▸ **WHAT IS REQUIRED**
In the entries below, find the line with "image for page" and the line with "Shipping company from South Korea to Gambia". Repeat exactly everything between them, those two lines included, but not the pictures.

▸ **DATA FOR REVIEW**
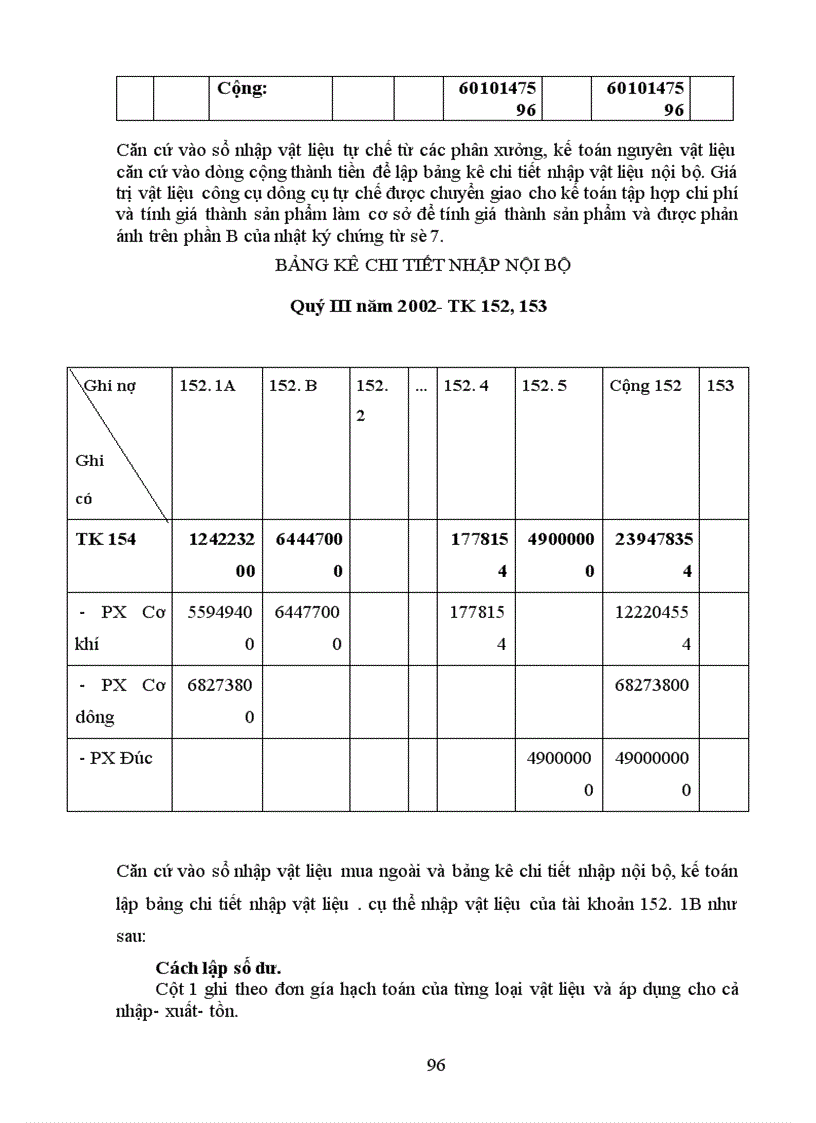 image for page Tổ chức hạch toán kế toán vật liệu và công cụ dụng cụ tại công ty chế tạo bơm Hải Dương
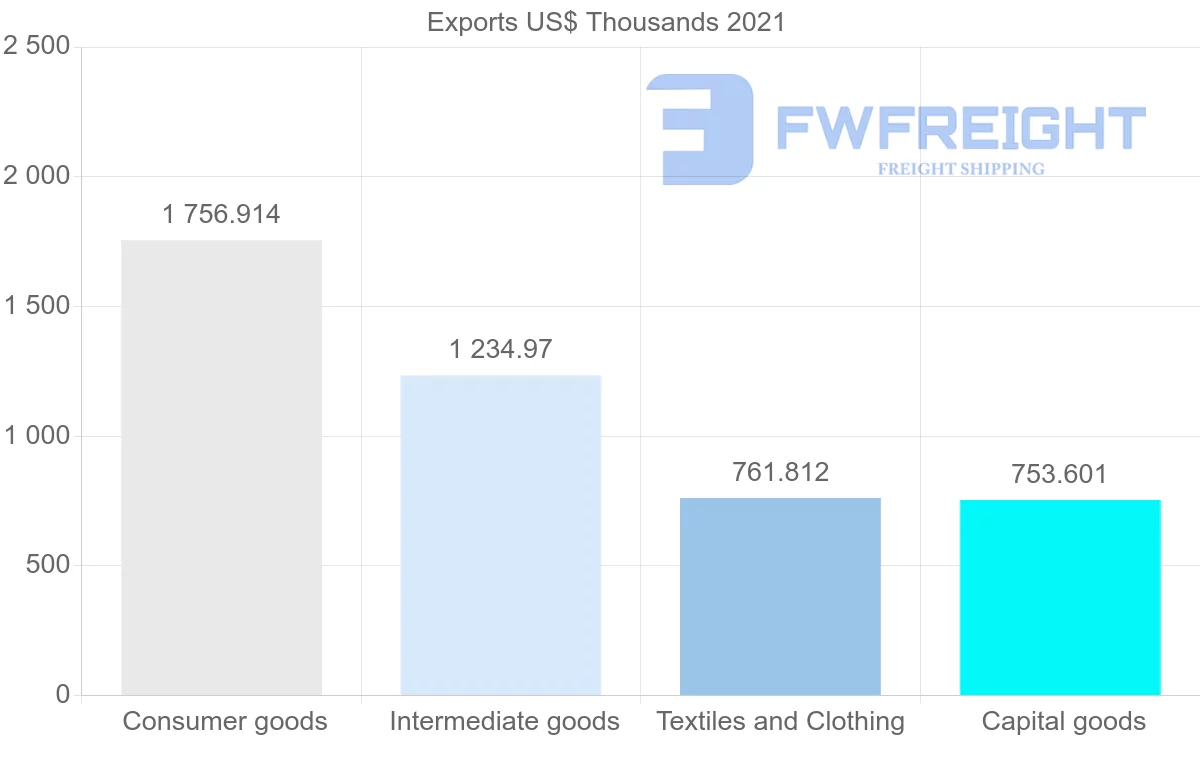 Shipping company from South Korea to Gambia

--

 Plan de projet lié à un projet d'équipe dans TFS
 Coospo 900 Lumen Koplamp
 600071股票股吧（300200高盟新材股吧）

▸ **REPLY**
 image for page Tổ chức hạch toán kế toán vật liệu và công cụ dụng cụ tại công ty chế tạo bơm Hải Dương
 Shipping company from South Korea to Gambia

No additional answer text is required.